The installation, “Filament,” is one of 11 light-based artworks showcased in Georgetown GLOW, a free outdoor public exhibition now in its sixth year, which runs to Jan. 5. While GLOW features national and international artists, local art can be found there, too. The collaborative dance and art piece “Filament” is presented byExtreme Lengths Productions and its producing director Ben Levine in partnership withDance Place. And the illuminated poem “every day” comes courtesy of visual artist Joana Stillwell.

Levine, a native Washingtonian, says he conceived of the idea for “Filament” about two and a half years ago. The dance installation features varying light patterns and contemporary choreography, which includes dancers shimmying back and forth, rotating in circles, bobbing their heads, swaying with the light patterns, and positioning their bodies so that they are at staggered heights. While viewers can watch the dance through a peephole set in a large panel of wood, designed so they can see the space-based choreography from the exact spot where the light grid lines up, the dancers can’t directly see them.

“It was originally not viewed through a peephole, and after I constructed the whole thing and showed it for the first time around I discovered that the idea really only works from one extremely specific vantage point,” Levine explains. “Then I was really intrigued by how that affected the performer-audience relationship.”

GLOW draws from the area’s crowds of holiday shoppers and visitors. Installations start at Book Hill Park, then run along Wisconsin Avenue and M Street NW, down to Georgetown Park. Reactions from passersby have ranged from confusion to amazement, according to Levine, “which is exactly the range of experiences, responses that I would hope for. That we can be exposing specifically contemporary dance to a whole group of many, many thousands of people that would not have otherwise seen it.”
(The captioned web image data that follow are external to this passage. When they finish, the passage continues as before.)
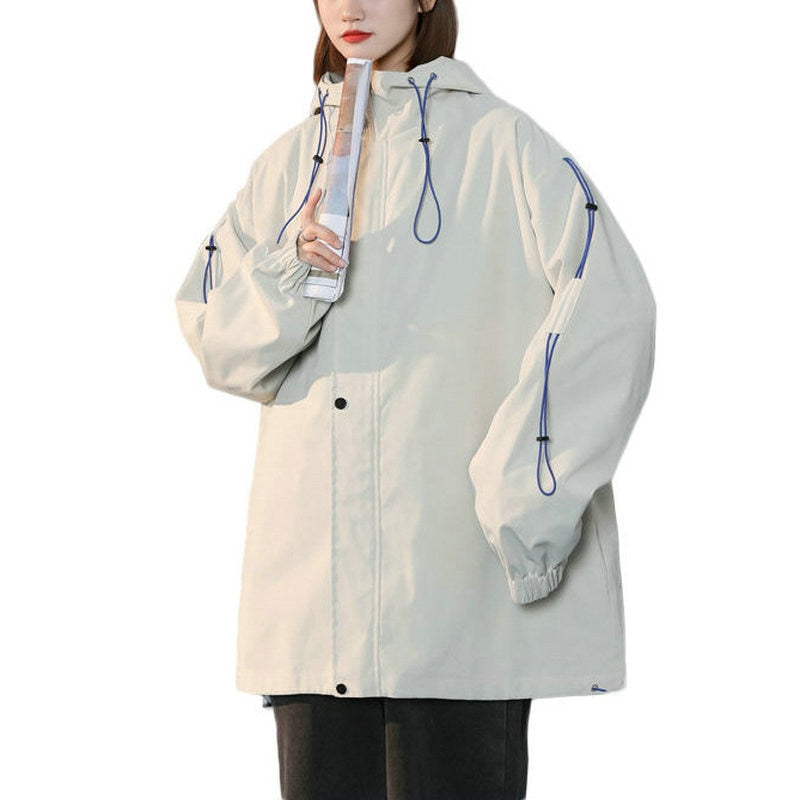 VibeMartini Women's Hooded Jackets Spring Causal Windbreaker Women Jackets Coats Zipper Ribbons Sportswear Jackets Bomber Famale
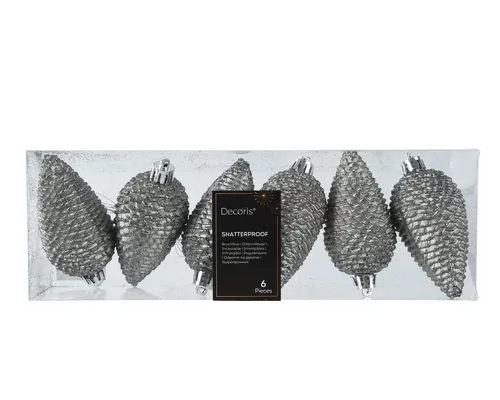 Kaemingk Christbaumschmuck, Christbaumschmuck Zapfen 8cm Kunststoff 6 Stück - Zart Grau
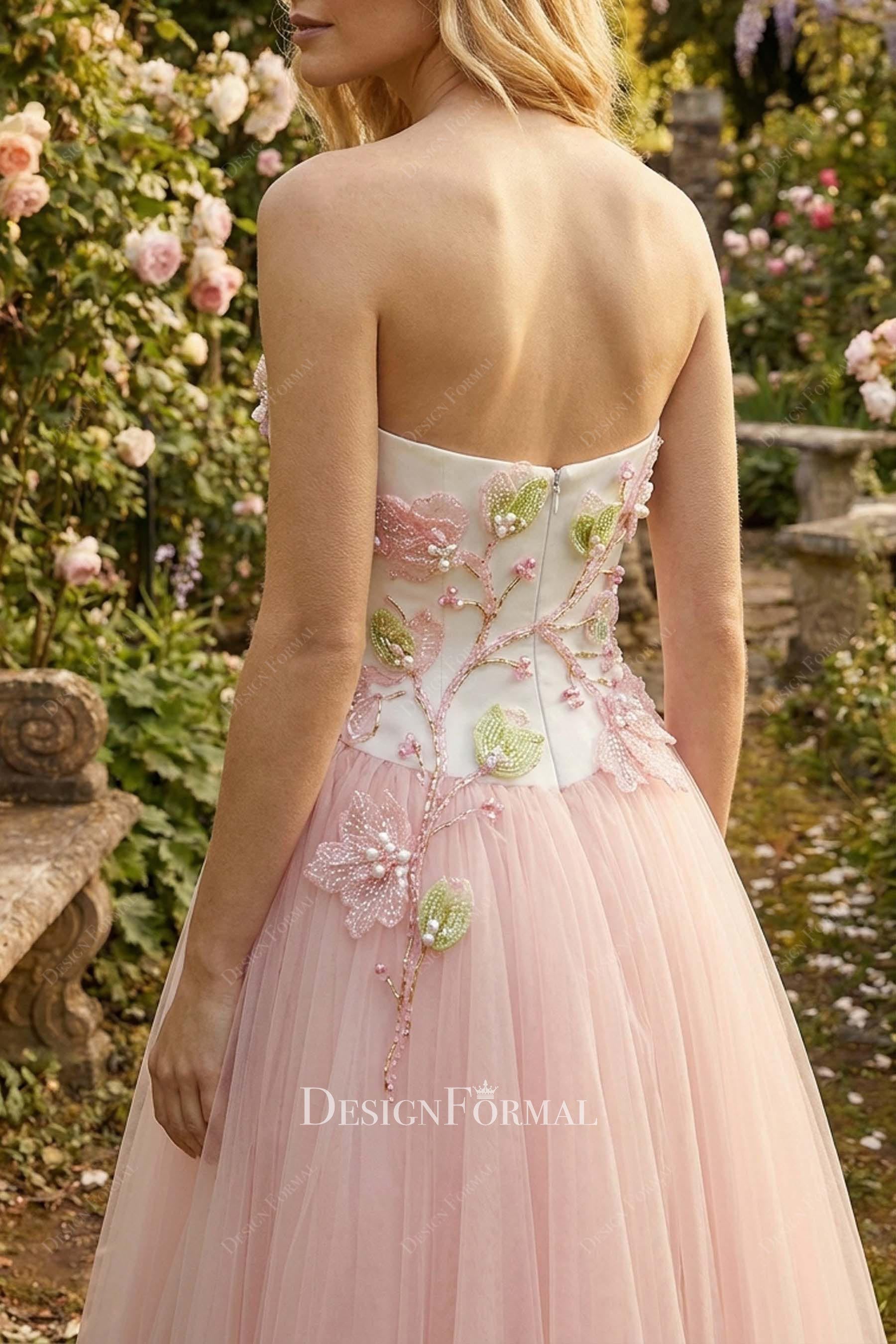 blush pink lace bodice wedding dress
Levine notes that viewers sometimes interpret the peephole as a nod to sex shops and sexuality. Though that is not the primary intention of it, Levine says it’s something the choreography plays with in the abstract.

“Another aspect of the festival that I really enjoy are the accidental audience members,” says “Filament” dancer and associate producer Annie Peterson. “They’re not aware that this festival is happening but they see these lights, they see an arrow that is made of light bulbs that is pointing down an alley… then they’re able to experience something they didn’t know existed.”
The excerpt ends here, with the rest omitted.